Matthew Mayberry

No. 94
- Position: Linebacker

Personal information
- Born: August 6, 1987 (age 38) Darien, Illinois
- Height: 6 ft 2 in (1.88 m)
- Weight: 215 lb (98 kg)

Career information
- College: Indiana
- NFL draft: 2010: undrafted

Career history
- Chicago Bears (2010);

= Matt Mayberry =

American football player (born 1987)

Matthew Mayberry (born August 6, 1987) is an American former football linebacker for the Indiana Hoosiers of the NCAA, and the Chicago Bears of the NFL.

==Early life==
Matt Mayberry was born in Darien, Illinois, in 1987. He attended Hinsdale South High School, where he played fullback, middle linebacker, and safety. He rushed for 2,242 yards and 36 touchdowns while guiding his team to a 10-2 finish as a senior. He garnered all-state honors as well as the Reporter-Progress/Suburban Life Player of the Year Award. He graduated with the school's career records for most rushing yards (2,827), and most touchdowns (39) and set single-season records for most rushing yards (2,242) and most touchdowns (5).
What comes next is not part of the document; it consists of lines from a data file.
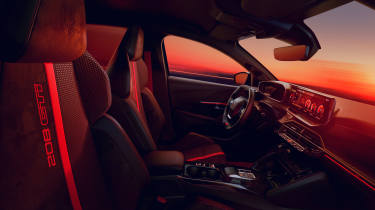 Peugeot E-208 GTi 2026 - seats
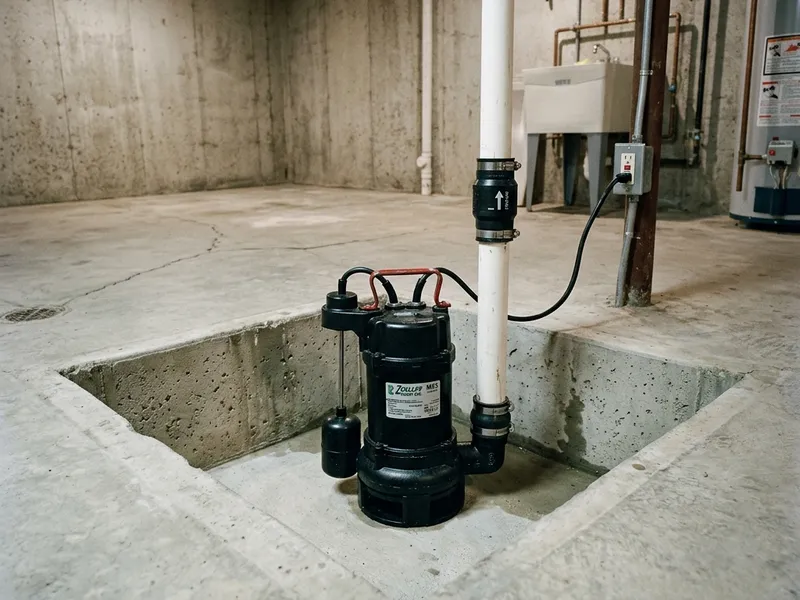 Sump Pump Installation Plumber in Geuda Springs, KS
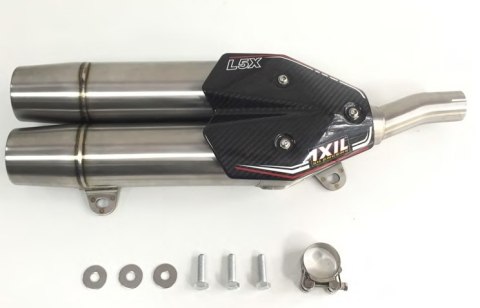 Tłumik IXIL KYMCO XCITING 400, typ L5X (waga 3000 g, długość 430 mm, materiał Inox AISI304, kolor sr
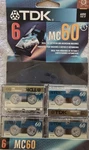 Tdk MC60 Cassettes 4 Pack Great Price!!. Fixed Price $10.99.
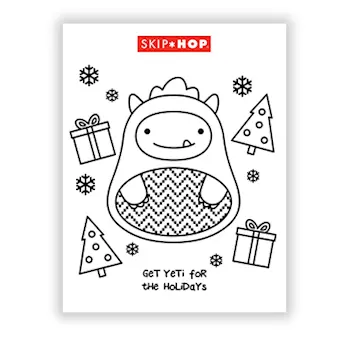 Holiday XMAS coloring page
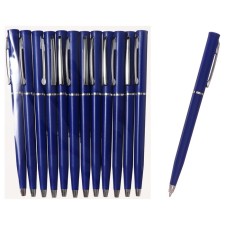Switching turning handle Calligrata, 1.0mm, under the logo, a blue matte case with a silver insert, blue rod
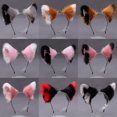 thumbnail image 3 of Diadema con orejas de gato para niña y mujer, accesorio para el pelo, horquilla de felpa para la cabeza, disfraz de Cosplay hecho a mano, 3 of 5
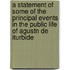A Statement of Some of the Principal Events in the Public Life of Agustn de Iturbide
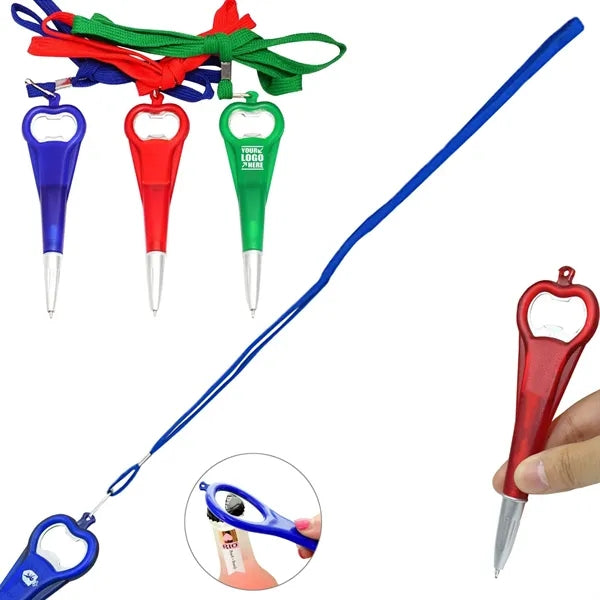 Lanyard Bottle Opener Pen
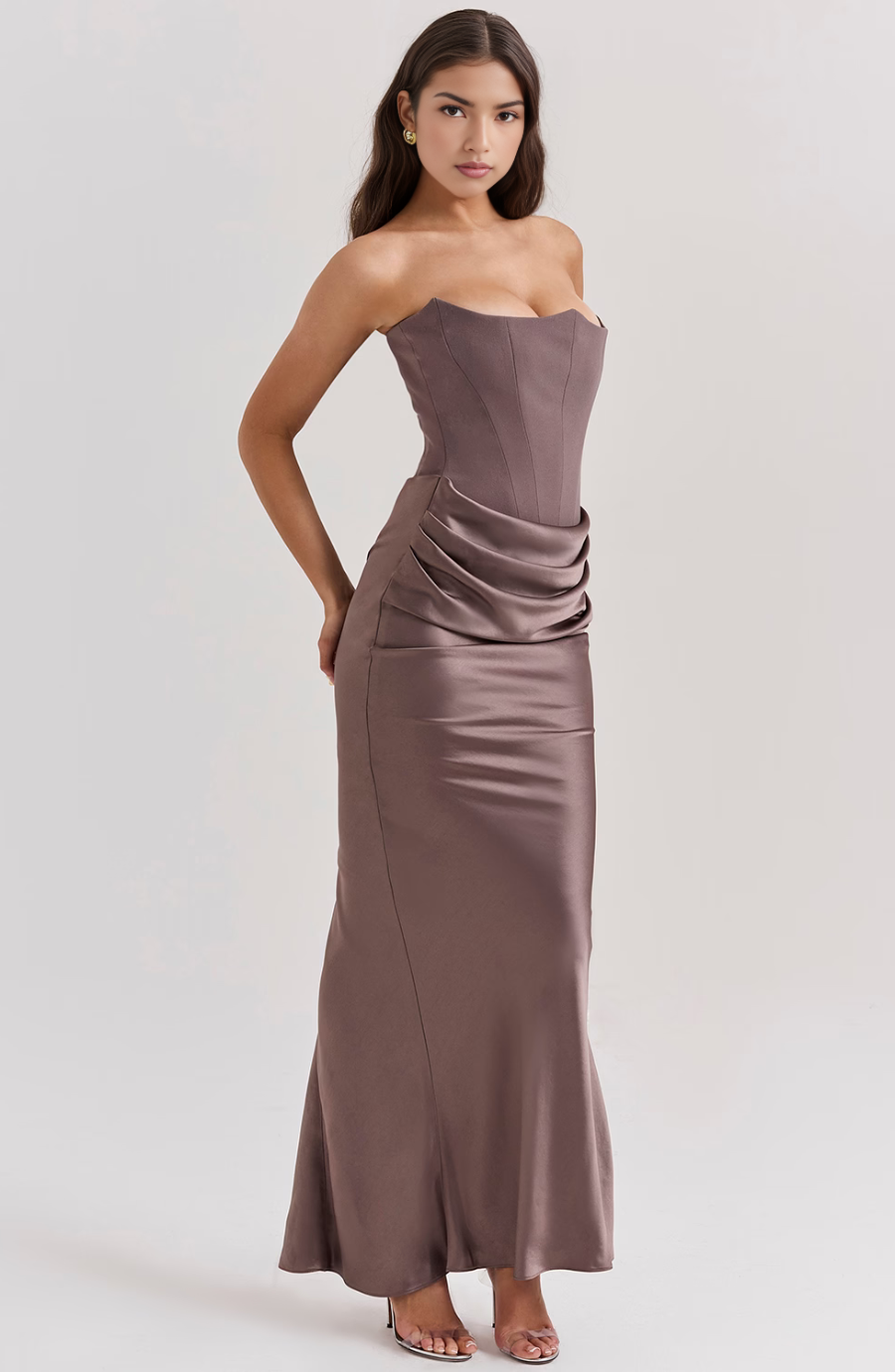 Hera | Women's Mini Elegant Retro Solid Color Strapless Party Dress
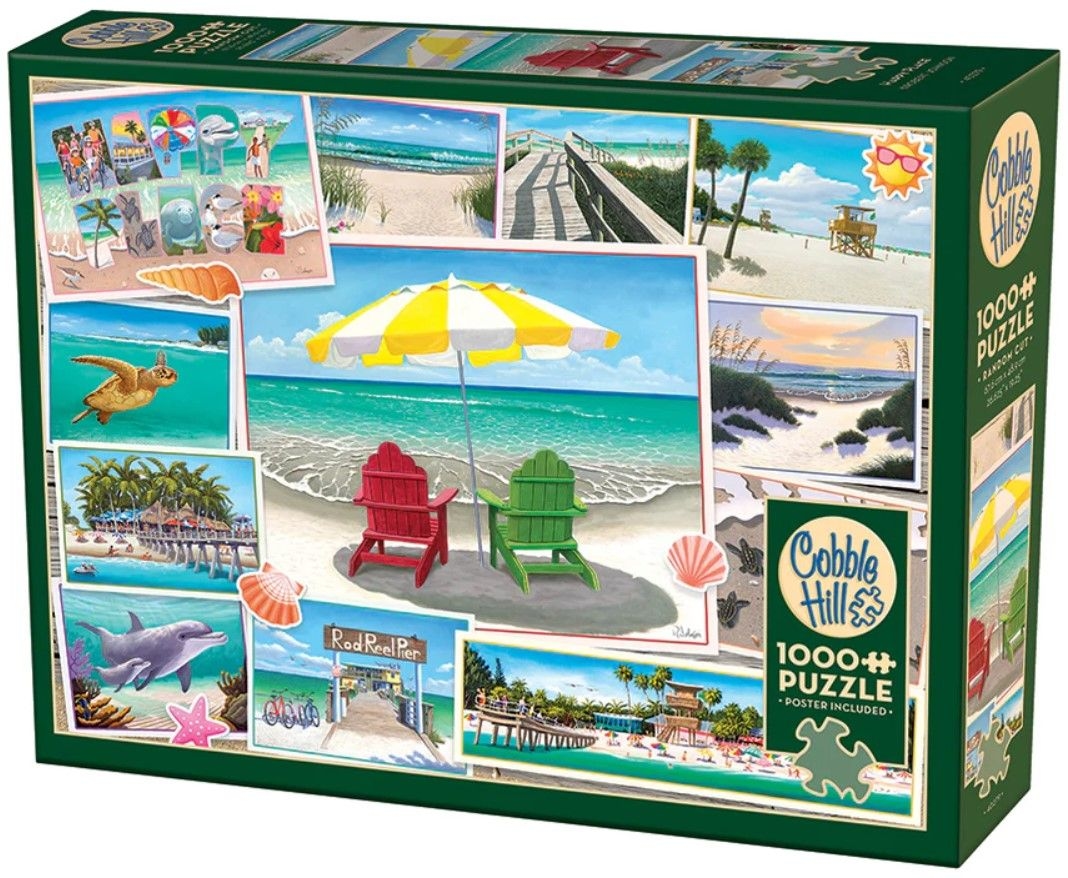 Puzzle Cobble Hill din 1000 de piese - Loc fericit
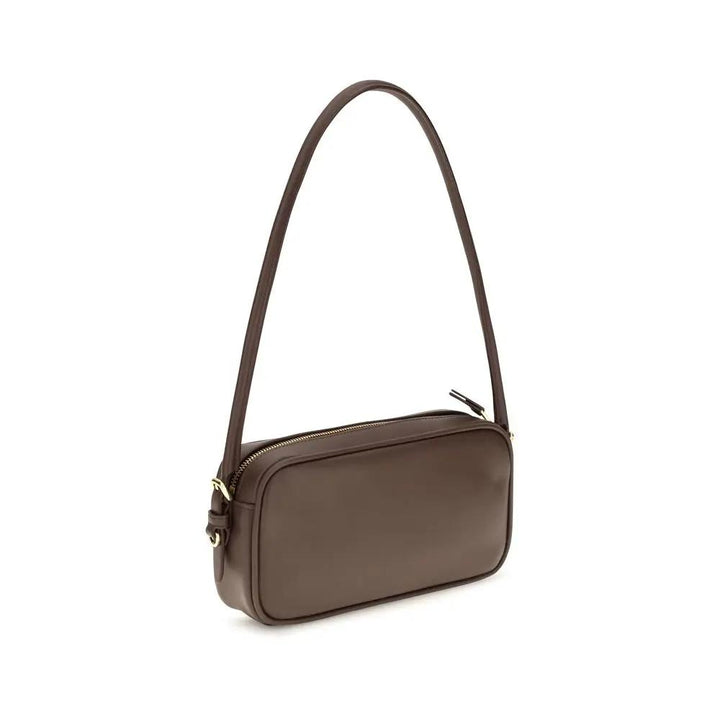 Miu Miu Sample Sale | Miu Miu Brown Calf Leather Bos Taurus Shoulder Bag - | Designer outlet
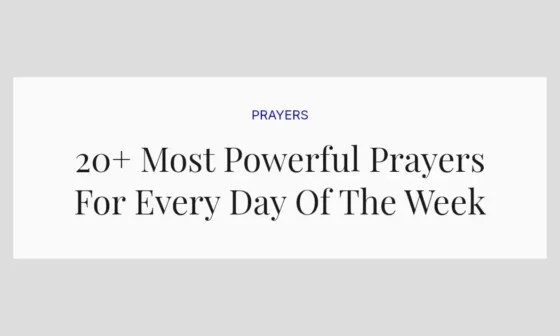 20+ Most Powerful Prayers For Every Day Of The Week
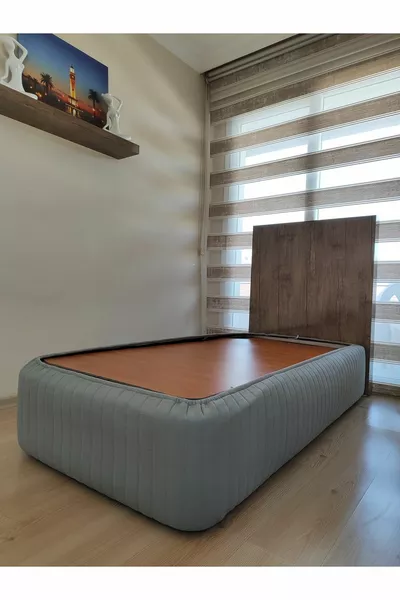 Design Sonne Linen Bed Base Edge Cover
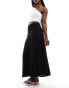 Vero Moda elasticated waist band maxi skirt in black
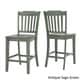 Eleanor Slat Back Wood 24 in. Counter Chair (Set of 2) by iNSPIRE Q Classic - Thumbnail 2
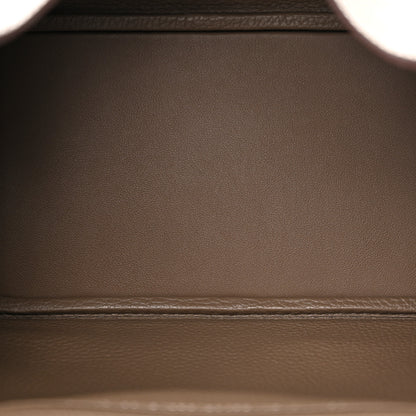 Hermes Taurillon Clemence Lindy 26 Etoupe 5 of 12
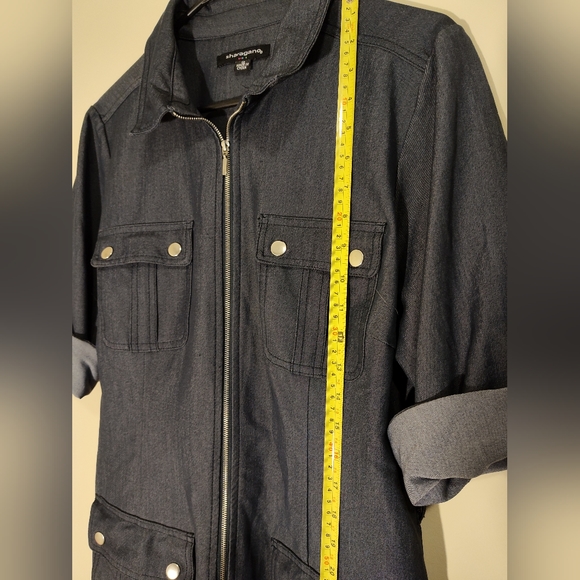 Knee-length navy blue dress - Picture 5 of 5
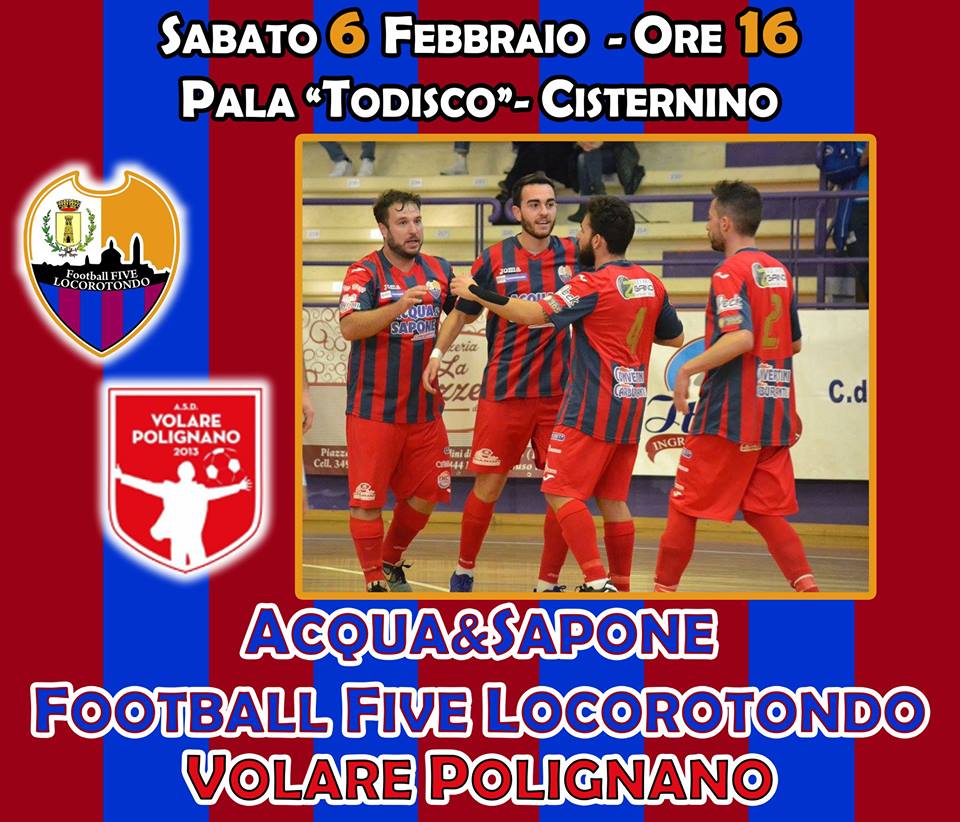 L’Acqua&Sapone sfida il Volare Polignano a caccia della terza vittoria consecutiva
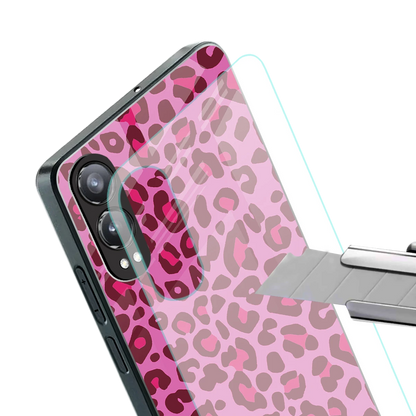 Leopard Pink stylish phone case for oneplus nord ce 4 lite | glossy glass and slim fit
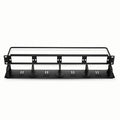 FHDâ„¢ High Density 1U Rack Mount Blank Enclosure Unloaded, Detachable Cable Management Lacer Panel and Bar, Holds up to 4 x FHDâ„¢ Panels, 144 Fibers (LC)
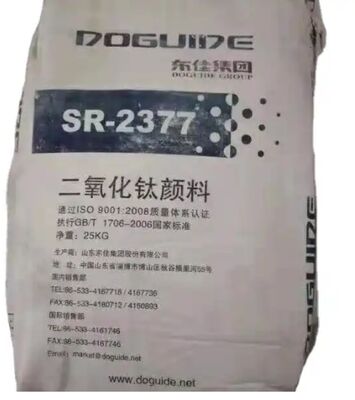 Rutieltitaniumdioxide SR-2377 Tio2 met hoge achromatisiteit, superieure witte kleur en gemiddelde duurzaamheid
Mayberry was widely recruited before the start of his senior season at Hinsdale South High School, ending up with 19 scholarship offers. He chose Indiana University to play for Terry Hoeppner.

==College==
At Indiana University, Mayberry received the 2009 Howard Brown Award, given to the player who exemplifies leadership, courage, and work ethic. He started the final 24 games of his career at middle linebacker and closed out his time in Bloomington with nine double-digit tackle games and at least 10 stops in eight of his final 11 conference contests. Mayberry ended his career with 251 tackles, 139 solo, 10.5 sacks, 22.5 tackles for loss, three interceptions and three fumble recoveries.

==NFL==
Mayberry was signed by the Chicago Bears in 2010. Mayberry played the final three quarters in the 2010 preseason opener against the San Diego Chargers. He finished third on the Bears with five tackles, including one for a three-yard loss. He broke up one pass. During the game, Mayberry suffered an ankle injury. After the game, MRIs determined that it was a fracture in the bone that would sideline him for six months, bringing about the end of his playing career.